Exercise goal - Reproduce, exactly and in full, the lines from the one with "Ne Kadar Kötüsün?(Mlp Oc)" through the one with "3790 AC Condenser" in the data below; drop pictures.

Dataset records -
'''
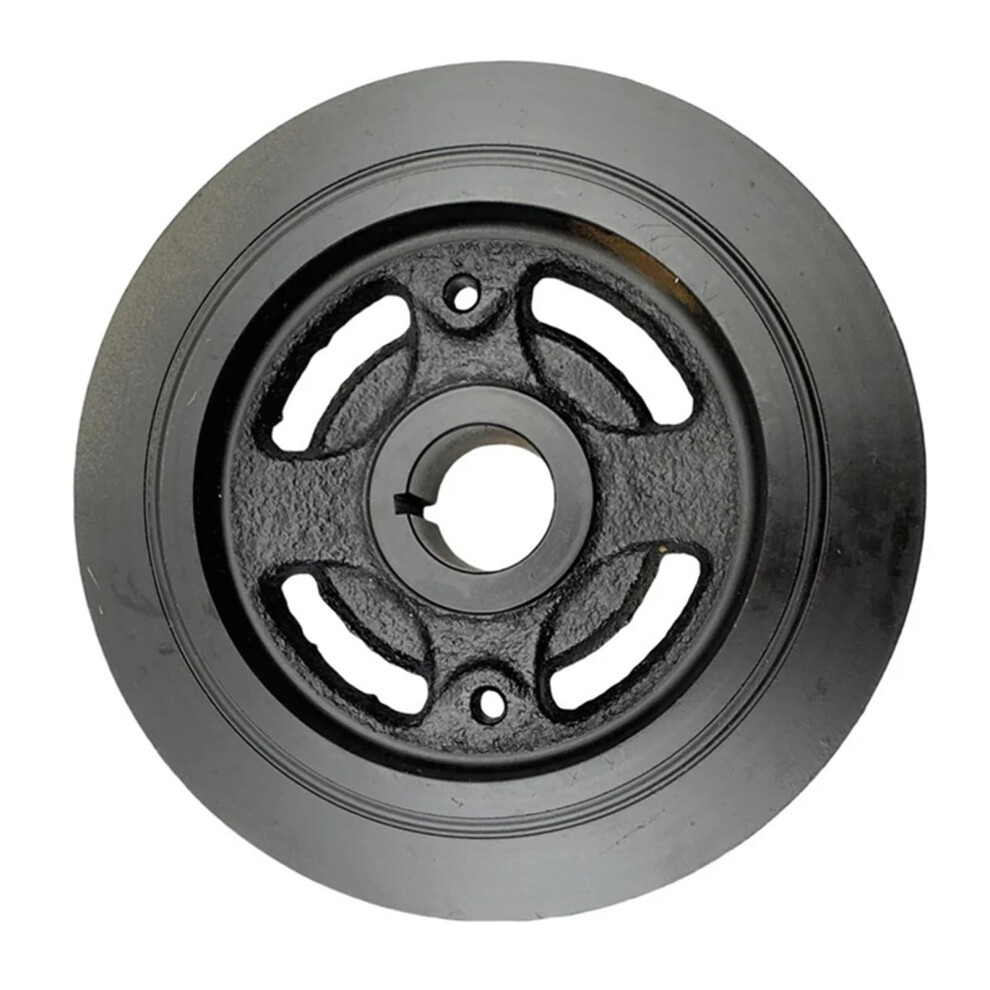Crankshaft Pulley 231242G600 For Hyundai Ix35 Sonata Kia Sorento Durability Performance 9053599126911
'''
'''
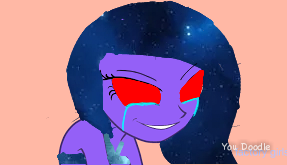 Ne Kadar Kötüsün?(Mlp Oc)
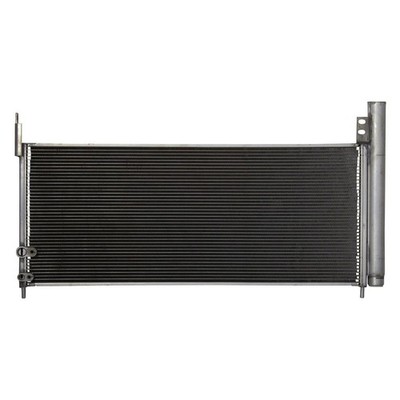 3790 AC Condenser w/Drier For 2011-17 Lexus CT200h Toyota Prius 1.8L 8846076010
'''
Task answer -
 Ne Kadar Kötüsün?(Mlp Oc)
 3790 AC Condenser w/Drier For 2011-17 Lexus CT200h Toyota Prius 1.8L 8846076010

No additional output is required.